2. **Popularity**: Moderately correlated with revenue (r = 0.55), indicating popular movies tend to earn more. This suggests that marketing and public reception are important factors.

3. **Temporal Trend**: Median revenue has increased significantly since the 1980s, with particularly strong growth in the 2000s. Budget growth has followed a similar pattern, suggesting increasing production costs over time.

### Limitations:

- **Causality**: Correlation does not imply causation. High budgets may reflect studio confidence in a movie's potential rather than directly causing high revenue.

- **Data Scope**: Our analysis does not account for marketing expenditure, which can significantly impact a movie's commercial success.
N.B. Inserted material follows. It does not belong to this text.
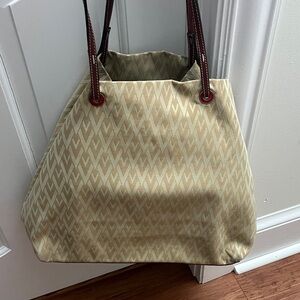 Valentino Beige Patterned Tote Bag with Brown Handles and base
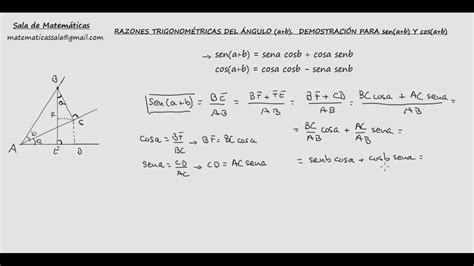 Trigonometría Demostración 2 fórmulas sen a b y cos a b YouTube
It also doesn't incorporate factors like director reputation, star power, or external market conditions.

- **Inflation Adjustment**: While `revenue_adj` and `budget_adj` are provided, their accuracy depends on the adjustment methodology used in the dataset creation.

- **Selection Bias**: Our analysis focuses only on movies with complete data and positive budget/revenue values, which may exclude certain types of films.

### Future Work:

- Investigate the impact of production companies and directors on movie revenue.
- Analyze seasonal trends (e.g., summer vs. winter releases) to identify optimal release timing.
- Build predictive models to forecast movie revenue based on pre-release characteristics.
- Include marketing budget data to get a more complete picture of movie economics.
- Explore audience demographics and their relationship to movie performance.